> **Action item**
Range to output from the entries below: the line containing "Tomás Barreiro Brand Page" through the line containing "2007 Toyota Sienna". Set it down exactly, ends included, nothing else.

> **Data**
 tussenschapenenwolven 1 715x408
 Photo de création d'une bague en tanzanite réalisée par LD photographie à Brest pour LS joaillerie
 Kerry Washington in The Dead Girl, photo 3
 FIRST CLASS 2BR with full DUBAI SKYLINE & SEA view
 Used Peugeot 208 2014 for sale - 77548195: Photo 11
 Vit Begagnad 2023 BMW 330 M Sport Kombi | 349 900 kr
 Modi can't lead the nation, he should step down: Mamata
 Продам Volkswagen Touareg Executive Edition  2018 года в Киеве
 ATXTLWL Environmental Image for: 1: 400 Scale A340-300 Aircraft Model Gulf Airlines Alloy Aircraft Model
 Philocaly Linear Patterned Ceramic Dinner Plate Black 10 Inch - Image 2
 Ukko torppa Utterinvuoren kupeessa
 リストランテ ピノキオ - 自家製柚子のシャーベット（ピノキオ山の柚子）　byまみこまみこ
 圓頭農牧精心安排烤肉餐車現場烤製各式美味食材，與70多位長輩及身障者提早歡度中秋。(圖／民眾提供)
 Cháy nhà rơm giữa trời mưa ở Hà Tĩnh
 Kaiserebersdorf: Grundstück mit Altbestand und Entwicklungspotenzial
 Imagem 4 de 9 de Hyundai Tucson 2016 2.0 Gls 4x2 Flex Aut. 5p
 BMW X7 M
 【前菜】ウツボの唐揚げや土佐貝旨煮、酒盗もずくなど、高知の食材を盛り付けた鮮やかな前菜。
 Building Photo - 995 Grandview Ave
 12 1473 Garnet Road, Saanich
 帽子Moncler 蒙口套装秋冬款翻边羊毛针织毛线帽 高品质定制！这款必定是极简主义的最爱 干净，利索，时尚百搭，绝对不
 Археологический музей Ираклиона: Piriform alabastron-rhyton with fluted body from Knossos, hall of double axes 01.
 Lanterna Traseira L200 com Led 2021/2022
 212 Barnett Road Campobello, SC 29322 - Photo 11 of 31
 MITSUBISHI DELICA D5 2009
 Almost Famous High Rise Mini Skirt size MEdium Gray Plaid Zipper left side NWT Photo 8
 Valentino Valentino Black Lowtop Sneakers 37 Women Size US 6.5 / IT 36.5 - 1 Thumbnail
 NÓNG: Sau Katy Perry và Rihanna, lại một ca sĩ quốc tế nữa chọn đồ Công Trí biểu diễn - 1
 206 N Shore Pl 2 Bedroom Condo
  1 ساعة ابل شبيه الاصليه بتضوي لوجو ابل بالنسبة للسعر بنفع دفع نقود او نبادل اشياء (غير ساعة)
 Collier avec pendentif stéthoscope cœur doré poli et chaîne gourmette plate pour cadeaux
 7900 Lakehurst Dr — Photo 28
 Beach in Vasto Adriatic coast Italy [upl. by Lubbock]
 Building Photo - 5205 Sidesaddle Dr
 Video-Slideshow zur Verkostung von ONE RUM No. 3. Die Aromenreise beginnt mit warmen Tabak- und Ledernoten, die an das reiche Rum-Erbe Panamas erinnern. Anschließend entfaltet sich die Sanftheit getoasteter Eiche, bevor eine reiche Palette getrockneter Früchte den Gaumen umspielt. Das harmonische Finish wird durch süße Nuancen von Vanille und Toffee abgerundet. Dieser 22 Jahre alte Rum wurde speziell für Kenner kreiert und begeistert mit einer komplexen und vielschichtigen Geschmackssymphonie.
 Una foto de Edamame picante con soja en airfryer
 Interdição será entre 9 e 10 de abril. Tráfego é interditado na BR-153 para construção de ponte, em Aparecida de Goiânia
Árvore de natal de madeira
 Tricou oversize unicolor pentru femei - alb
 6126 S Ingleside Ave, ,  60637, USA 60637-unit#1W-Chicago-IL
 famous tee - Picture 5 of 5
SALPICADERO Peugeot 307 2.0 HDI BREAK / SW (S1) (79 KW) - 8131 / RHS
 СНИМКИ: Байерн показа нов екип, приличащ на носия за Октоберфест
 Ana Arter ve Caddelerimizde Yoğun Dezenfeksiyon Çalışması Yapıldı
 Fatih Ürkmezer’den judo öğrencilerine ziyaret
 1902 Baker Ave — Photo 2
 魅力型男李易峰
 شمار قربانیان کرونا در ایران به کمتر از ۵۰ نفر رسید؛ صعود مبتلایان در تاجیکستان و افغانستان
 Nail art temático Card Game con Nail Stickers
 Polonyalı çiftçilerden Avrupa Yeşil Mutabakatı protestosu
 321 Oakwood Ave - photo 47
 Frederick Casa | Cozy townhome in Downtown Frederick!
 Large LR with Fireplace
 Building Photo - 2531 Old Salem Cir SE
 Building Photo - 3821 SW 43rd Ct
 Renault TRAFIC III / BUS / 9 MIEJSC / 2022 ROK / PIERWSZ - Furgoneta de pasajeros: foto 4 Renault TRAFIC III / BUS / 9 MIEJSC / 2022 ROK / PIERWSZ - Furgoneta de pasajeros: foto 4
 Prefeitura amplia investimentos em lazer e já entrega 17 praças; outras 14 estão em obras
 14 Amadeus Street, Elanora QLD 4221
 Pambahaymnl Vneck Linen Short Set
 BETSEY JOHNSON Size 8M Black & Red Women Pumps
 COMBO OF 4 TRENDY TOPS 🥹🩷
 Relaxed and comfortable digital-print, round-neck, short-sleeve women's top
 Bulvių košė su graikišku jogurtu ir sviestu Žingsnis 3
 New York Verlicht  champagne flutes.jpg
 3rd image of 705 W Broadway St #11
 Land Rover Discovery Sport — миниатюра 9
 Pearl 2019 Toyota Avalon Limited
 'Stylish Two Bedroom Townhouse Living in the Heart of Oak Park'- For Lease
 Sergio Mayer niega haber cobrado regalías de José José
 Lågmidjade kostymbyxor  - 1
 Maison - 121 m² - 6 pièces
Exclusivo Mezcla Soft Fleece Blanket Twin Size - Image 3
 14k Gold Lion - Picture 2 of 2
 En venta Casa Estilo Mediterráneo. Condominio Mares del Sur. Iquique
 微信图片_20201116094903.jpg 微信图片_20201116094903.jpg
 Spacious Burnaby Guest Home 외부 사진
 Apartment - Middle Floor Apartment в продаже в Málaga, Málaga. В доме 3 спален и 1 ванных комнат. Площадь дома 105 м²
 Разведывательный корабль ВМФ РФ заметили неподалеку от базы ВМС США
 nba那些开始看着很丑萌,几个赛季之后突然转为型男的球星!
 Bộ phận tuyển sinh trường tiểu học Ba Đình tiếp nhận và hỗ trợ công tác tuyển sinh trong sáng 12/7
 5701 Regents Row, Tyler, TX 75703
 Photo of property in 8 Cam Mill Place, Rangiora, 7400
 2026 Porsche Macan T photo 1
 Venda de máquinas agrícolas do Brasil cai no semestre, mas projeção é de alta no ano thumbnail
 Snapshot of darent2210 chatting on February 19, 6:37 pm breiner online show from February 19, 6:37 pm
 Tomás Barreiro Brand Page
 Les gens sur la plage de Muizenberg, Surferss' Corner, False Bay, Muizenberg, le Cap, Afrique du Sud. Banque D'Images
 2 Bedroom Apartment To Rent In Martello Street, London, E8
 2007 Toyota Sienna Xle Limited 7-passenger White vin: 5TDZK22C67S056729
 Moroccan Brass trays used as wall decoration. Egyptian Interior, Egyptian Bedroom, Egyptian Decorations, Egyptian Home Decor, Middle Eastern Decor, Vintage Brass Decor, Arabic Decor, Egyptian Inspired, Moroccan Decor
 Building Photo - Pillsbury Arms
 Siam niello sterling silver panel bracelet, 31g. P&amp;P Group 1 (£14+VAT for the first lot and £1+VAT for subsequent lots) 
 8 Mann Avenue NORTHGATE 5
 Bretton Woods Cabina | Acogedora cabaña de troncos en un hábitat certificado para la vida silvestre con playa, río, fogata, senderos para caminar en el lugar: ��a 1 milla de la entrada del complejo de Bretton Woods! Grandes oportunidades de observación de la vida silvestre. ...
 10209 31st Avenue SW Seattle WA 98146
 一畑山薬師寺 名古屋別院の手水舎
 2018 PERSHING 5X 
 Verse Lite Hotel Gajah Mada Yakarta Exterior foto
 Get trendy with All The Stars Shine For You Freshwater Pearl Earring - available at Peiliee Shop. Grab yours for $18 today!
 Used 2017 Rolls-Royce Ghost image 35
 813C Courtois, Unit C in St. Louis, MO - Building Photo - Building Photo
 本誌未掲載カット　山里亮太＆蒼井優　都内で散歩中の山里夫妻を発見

> **Answer area**
 Tomás Barreiro Brand Page
 Les gens sur la plage de Muizenberg, Surferss' Corner, False Bay, Muizenberg, le Cap, Afrique du Sud. Banque D'Images
 2 Bedroom Apartment To Rent In Martello Street, London, E8
 2007 Toyota Sienna Xle Limited 7-passenger White vin: 5TDZK22C67S056729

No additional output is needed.